Turntable on which the disc is placed and the target
The club that holds the disc mounted on the table.
And the radial direction of the disc on the deck plate
It is provided so that it can be transferred to and records information on the disc and / or
Or a disc comprising an optical pickup for reproduction
Adopted by players, Rotor of the spindle motor, the spindle motor
Of the rotary shaft, the turntable, and the clamper
It is connected to any one of the members without being formed, and is formed by drawing in.
A body with a ring-shaped race, and when the disc rotates
Centrifugal force causes the spindle motor to rotate around the axis of rotation.

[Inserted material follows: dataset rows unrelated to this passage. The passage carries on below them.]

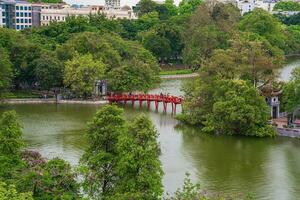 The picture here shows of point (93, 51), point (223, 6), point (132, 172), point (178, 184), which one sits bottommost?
point (178, 184)

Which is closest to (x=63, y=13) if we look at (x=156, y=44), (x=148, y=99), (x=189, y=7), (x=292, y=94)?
(x=156, y=44)

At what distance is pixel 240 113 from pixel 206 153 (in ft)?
16.9

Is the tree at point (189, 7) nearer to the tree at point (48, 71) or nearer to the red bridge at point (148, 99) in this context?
the tree at point (48, 71)

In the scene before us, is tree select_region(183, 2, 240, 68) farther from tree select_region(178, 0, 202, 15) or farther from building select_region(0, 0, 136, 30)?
tree select_region(178, 0, 202, 15)

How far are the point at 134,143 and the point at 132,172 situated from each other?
3.71ft

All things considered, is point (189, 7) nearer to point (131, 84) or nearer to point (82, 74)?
point (131, 84)

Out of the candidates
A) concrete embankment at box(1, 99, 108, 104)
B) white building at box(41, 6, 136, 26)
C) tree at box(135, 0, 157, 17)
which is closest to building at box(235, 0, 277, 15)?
tree at box(135, 0, 157, 17)

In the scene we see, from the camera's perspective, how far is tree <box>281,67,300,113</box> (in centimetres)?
4401

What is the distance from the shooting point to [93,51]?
61625mm

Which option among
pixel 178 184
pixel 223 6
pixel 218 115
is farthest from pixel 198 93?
pixel 223 6

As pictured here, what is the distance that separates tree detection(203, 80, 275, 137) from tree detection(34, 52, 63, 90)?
18.4 metres

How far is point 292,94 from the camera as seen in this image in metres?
44.6

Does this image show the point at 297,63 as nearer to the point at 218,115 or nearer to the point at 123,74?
the point at 123,74

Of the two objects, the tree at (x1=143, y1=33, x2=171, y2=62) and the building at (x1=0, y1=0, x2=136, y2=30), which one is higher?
the building at (x1=0, y1=0, x2=136, y2=30) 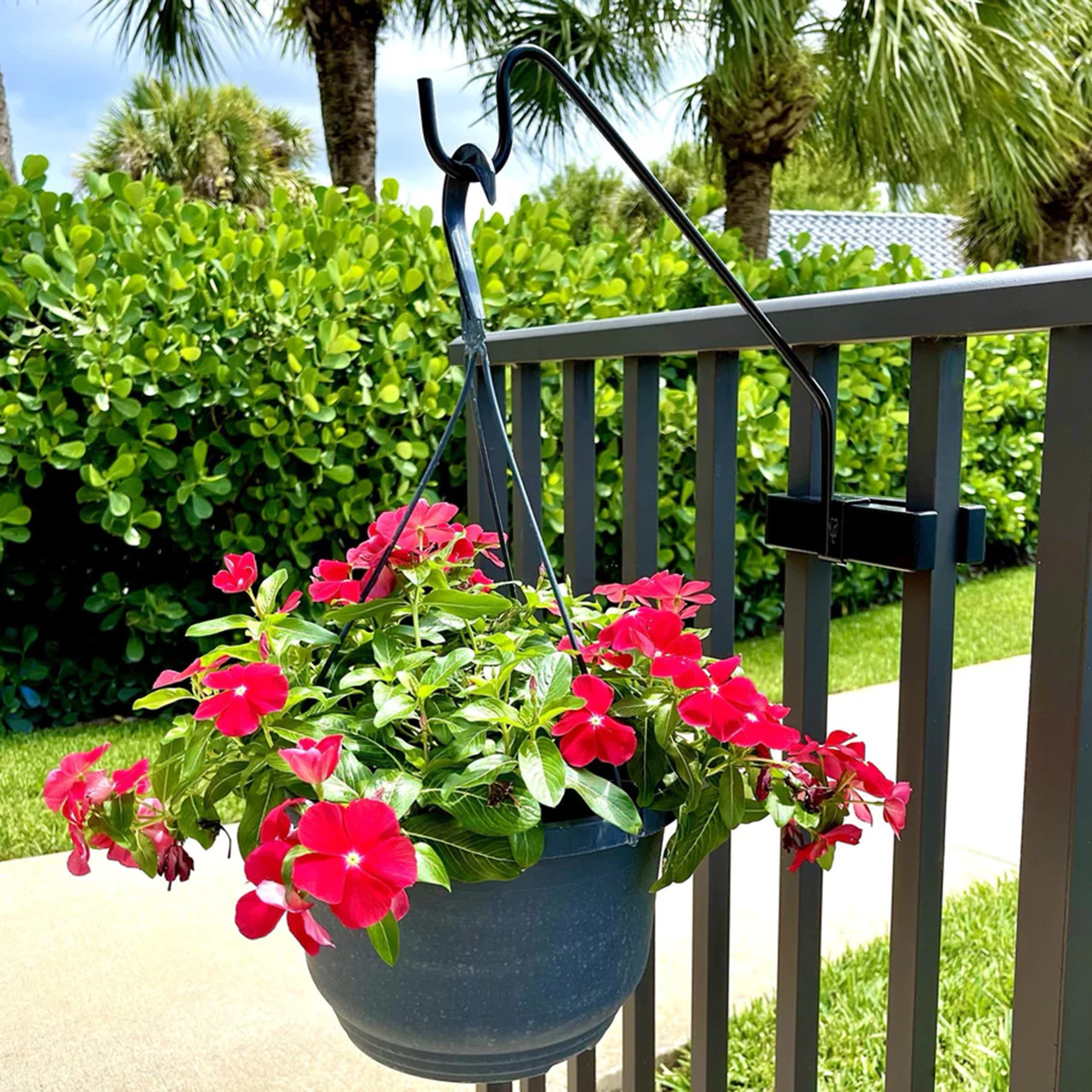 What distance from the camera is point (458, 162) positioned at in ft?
3.13

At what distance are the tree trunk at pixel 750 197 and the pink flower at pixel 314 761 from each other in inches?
321

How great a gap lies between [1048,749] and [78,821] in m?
0.76

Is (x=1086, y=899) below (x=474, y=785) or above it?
below

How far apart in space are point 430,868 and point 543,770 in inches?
4.2

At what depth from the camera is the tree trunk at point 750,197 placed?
8383 millimetres

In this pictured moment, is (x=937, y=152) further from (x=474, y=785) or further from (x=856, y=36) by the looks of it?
(x=474, y=785)

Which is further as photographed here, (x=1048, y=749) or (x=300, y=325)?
(x=300, y=325)

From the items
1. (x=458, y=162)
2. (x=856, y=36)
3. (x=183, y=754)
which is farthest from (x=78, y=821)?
(x=856, y=36)

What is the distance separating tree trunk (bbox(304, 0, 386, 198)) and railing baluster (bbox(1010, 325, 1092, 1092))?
6.81 meters

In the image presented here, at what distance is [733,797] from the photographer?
2.82 ft

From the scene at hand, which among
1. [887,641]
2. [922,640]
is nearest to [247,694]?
[922,640]

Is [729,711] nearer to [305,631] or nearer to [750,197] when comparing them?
[305,631]

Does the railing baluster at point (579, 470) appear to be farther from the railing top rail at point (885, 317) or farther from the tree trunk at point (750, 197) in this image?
the tree trunk at point (750, 197)

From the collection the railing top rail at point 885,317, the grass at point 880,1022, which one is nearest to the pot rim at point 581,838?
the railing top rail at point 885,317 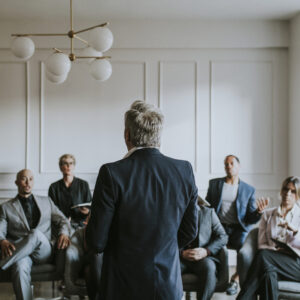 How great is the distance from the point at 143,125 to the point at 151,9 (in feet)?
13.2

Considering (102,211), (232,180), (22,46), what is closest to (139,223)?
(102,211)

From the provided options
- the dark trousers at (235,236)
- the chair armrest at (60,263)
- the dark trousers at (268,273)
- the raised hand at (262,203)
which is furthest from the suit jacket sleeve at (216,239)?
the chair armrest at (60,263)

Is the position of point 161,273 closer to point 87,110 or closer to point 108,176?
point 108,176

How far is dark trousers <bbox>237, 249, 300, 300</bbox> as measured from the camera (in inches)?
139

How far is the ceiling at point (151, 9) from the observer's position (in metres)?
5.17

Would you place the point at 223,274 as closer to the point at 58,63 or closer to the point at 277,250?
the point at 277,250

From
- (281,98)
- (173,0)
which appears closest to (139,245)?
(173,0)

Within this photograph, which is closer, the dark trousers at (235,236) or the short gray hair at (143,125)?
the short gray hair at (143,125)

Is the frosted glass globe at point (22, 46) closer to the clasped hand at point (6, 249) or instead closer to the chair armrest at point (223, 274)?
the clasped hand at point (6, 249)

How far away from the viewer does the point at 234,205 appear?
4840 millimetres

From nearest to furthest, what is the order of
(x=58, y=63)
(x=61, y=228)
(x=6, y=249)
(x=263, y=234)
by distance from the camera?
(x=58, y=63) → (x=6, y=249) → (x=263, y=234) → (x=61, y=228)

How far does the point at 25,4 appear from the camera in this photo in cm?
521

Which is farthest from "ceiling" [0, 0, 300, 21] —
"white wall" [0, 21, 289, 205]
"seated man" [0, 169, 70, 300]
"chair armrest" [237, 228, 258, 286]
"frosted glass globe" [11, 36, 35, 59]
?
"chair armrest" [237, 228, 258, 286]

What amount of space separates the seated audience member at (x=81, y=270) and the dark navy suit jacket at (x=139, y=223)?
5.70 ft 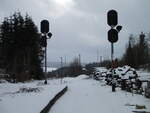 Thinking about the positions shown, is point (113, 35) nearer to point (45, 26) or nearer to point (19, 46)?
point (45, 26)

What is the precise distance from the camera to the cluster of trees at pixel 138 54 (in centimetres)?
7481

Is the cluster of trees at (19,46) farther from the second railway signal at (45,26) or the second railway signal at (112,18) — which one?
the second railway signal at (112,18)

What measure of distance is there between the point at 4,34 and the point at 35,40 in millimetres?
4604

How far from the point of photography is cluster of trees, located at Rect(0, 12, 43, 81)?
54.2 m

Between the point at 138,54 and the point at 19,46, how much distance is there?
33.0m

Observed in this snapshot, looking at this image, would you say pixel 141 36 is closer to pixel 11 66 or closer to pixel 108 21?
pixel 11 66

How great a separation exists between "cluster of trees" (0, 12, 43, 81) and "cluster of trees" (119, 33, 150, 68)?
880 inches

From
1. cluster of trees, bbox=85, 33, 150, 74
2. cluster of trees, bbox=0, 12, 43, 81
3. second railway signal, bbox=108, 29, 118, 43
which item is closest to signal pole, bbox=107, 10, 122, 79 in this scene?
second railway signal, bbox=108, 29, 118, 43

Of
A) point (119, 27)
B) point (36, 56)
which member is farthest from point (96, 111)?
point (36, 56)

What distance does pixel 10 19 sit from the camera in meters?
58.9

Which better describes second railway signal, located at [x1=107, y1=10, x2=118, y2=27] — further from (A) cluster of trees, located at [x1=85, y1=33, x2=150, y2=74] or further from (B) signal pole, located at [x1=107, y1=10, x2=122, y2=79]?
(A) cluster of trees, located at [x1=85, y1=33, x2=150, y2=74]

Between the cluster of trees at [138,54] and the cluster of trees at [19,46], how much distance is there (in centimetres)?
2235

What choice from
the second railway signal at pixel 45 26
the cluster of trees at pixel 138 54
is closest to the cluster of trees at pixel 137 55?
the cluster of trees at pixel 138 54

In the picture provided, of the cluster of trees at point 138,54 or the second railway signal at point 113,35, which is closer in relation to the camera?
the second railway signal at point 113,35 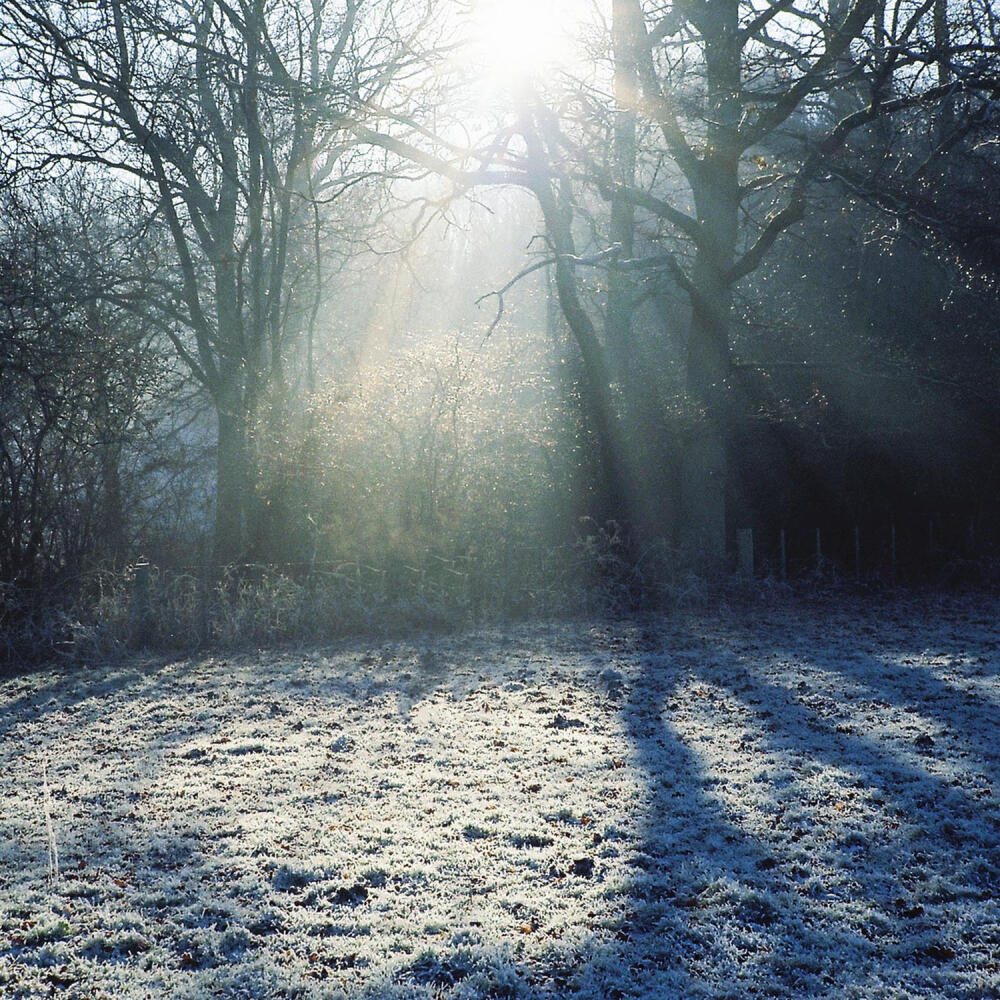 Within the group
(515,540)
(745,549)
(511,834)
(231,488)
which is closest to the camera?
(511,834)

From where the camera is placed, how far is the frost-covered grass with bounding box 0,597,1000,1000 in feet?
11.1

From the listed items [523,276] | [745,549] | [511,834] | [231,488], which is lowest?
[511,834]

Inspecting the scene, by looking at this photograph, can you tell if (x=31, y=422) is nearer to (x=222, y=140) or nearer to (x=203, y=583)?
(x=203, y=583)

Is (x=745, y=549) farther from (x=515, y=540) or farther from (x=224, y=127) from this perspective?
(x=224, y=127)

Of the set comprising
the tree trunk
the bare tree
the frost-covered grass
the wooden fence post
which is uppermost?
the bare tree

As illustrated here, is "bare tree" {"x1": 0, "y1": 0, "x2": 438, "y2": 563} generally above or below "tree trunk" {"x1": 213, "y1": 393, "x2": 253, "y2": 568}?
above

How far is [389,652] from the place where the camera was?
9.62 meters

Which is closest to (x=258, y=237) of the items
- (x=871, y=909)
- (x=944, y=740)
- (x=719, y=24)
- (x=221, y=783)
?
(x=719, y=24)

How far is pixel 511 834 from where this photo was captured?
15.1ft

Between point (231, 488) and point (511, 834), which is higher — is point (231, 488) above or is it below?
above

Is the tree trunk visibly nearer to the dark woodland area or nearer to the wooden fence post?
the dark woodland area

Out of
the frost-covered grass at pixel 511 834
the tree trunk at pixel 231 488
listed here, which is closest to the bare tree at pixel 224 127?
the tree trunk at pixel 231 488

So that the center of gravity is located opposite the center of gravity of the disc
A number of balls placed inside the race,
A cover member that covers the opening of the race.
Disk player that can suppress the internal vibration of the player
Self-compensating ball balancer for The main body of the race is cut across the center of rotation.
The partial cross section has a bottom surface, an inner wall and an outer wall, Central part of the outer wallBeforeFour protruding in the direction of the inner wall
With a pair of prismatic protrusionsBecomes When the body is rotated, the balls are centrifugal
Pair of protrusionsOf the inner corner of one of the protrusions
Contact the inside corner of the protrusion of
So as to straddle another protrusionSupported, the bottom of the race
Disc player characterized by being separated from the surface
Self-compensating ball balancer for.